Agents of the U.S. intelligence community were left confused and scared Wednesday morning when, upon beginning their routine surveillance of unconstitutionally-tapped digital communications, they found that high school sophomore Roy Cavendish had foiled their efforts by placing a single strip of masking tape over his laptop’s camera.
“We don’t know what to do,” stated National Security Agency director Michael Rogers in a rare press conference.
“This is unprecedented.”
After a brief pause, Rogers — who seemed on the edge of tears — announced that he would not be taking any further questions on the matter, but that a comprehensive reevaluation of NSA policies and capabilities was already underway.
“We don’t know how, but we’re going to get to the bottom of this,” Rogers said with a sniffle.
“Whether it’s a bloodthirsty ISIS jihadi or a horny, unemployed teenager, we will overcome whatever obstacles they throw in our path.
Eventually.”
The agency, which has been covertly monitoring Cavendish’s digital footprint for over three years now, reportedly contacted the FBI, CIA, and Department of State while searching for a means through the tape.

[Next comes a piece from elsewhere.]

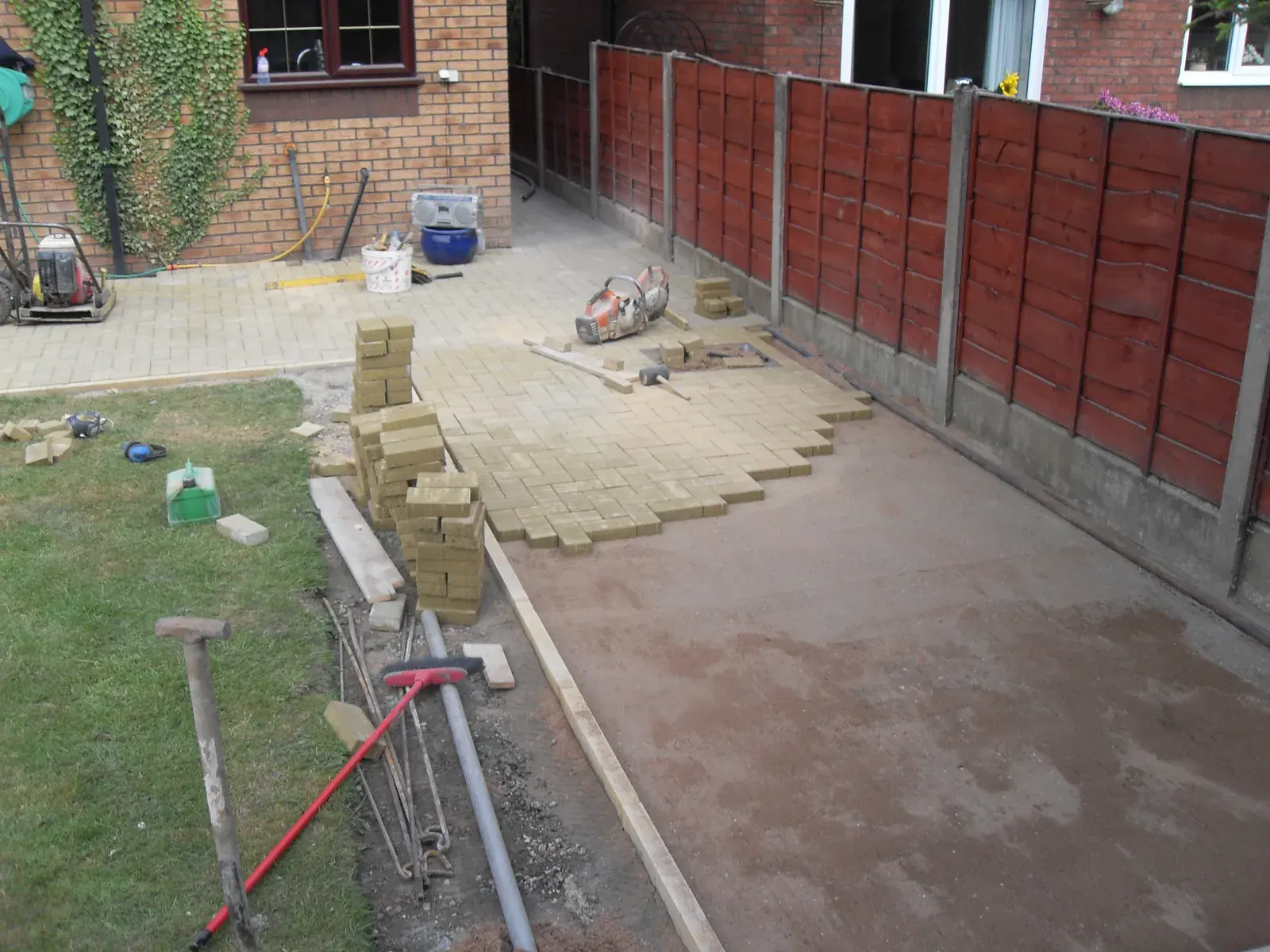Paving laid onto a prepared bed during a garden patio build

None could find a solution.
“Whoever this anti-American prick is, we’re going to subvert his methods and destroy him,” threatened CIA director Mike Pompeo through gritted teeth. “The intelligence community has no time for bullshit — the fate of our country could very well be at stake.
”
Cavendish, however, was unconcerned.
“I just didn’t want those creeps watching me while I’m jerking it,” the pimply teen explained.
“So I put a bit of tape over the lens. That outta stop ‘em.”
At press time, the NSA had finally resumed collecting Cavendish’s data after the high schooler had to peel the tape off to Skype his grandparents.